GEORGES SEURAT'S YOUTH
Georges Pierre Seurat was born on 2 December 1859 in Paris. His father, Chrysostome-Antoine Seurat, had been a legal official in La Villette. He had saved a substantial amount of money and lived a secluded life as a pensioner in his house in the Provence and visited his family in Paris just once a week. Seurat’s mother, Ernestine Faivre, came from a prosperous middle-class Parisian family.
During his schooldays, Seurat was introduced to painting by an uncle on his mother's side, the textile dealer Paul Haumonté-Faivre, himself an amateur painter. In 1875 he started to attend a drawing class taught by the sculptor Justin Lequien at a night school in the city.
Seurat studied at the Ecole des Beaux-Arts in 1878 and 1879. After a year of military service at Brest military academy, he returned to Paris in 1880. He started off sharing a confined studio on the Left Bank with two student friends before moving to a studio of his own. For the next two years, he devoted himself to mastering the art of black and white drawing. He spent 1883 on a huge canvas, Bathing at Asnieres, his first major painting.
GEORGES SEURAT AS AN ARTIST
The next, 1884, year Seurat’s first large painting, Bathers at Asnières, was rejected by the Salon. However, it was shown in the exhibition held by the Société des Artistes Indépendants. It was there that Seurat became acquainted with Paul Signac, with whom he soon became close friends. After Bathers at Asnières Seurat started working on another large canvas A Sunday on La Grande Jatte, in which he was to create a new style and also to found an artistic movement, called variously Neo-Impressionism, Pointillism or Divisionism, the last term preferred by Seurat.
After working on La Grande Jatte for two years, Seurat exhibited the painting in 1886 at the eight and final Impressionist exhibition. The large picture, measured more than two meters by three, and executed in an entirely new technique using dots, was received in very different ways, like the first Impressionist exhibition twelve years before. It was precisely the picture's technique that aroused the most displeasure amongst the public, critics and artists.

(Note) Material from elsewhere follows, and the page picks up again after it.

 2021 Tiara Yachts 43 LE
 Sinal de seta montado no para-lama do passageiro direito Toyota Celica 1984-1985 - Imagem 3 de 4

Only one art critic, Félix Fénéon (1861-1944), proved able to understand and subsequently write an informed analysis of Seurat’s technique and style, “If one looks at any uniformly shaded area in Seurat’s Grande Jatte, one can find on every centimeter of it a swirling swarm of small dots which contains all the elements which comprise the color desired. Take that patch of lawn in the shade; most of the dots reflect the local colors of the grass, others, orange-colored and much scarcer, express the barely perceptible influence of the sun; occasional purple dots establish the complementary color of green; a cyanine blue, necessitated by an adjacent patch of lawn in full sunlight, becomes increasingly dense closer to the borderline, but beyond this line gradually loses its intensity… Juxtaposed on the canvas but yet distinct, the colors reunite on the retina: hence we have before us not a mixture of pigment colors but a mixture of variously colored rays of light ."
GEORGES SEURAT'S LAST YEARS
He later moved away from Boulevard de Clichy to a quieter studio nearby, where secretly he lived with a young model, Madeleine Knobloch. In February 1890, she gave birth to his son. It was not until two days before his death that he introduced his young family to his mother. He died at the age of 31 of diphtheria and was interred in Le Père Lachaise Cemetery. His last ambitious work, The Circus, was left unfinished at the time he died.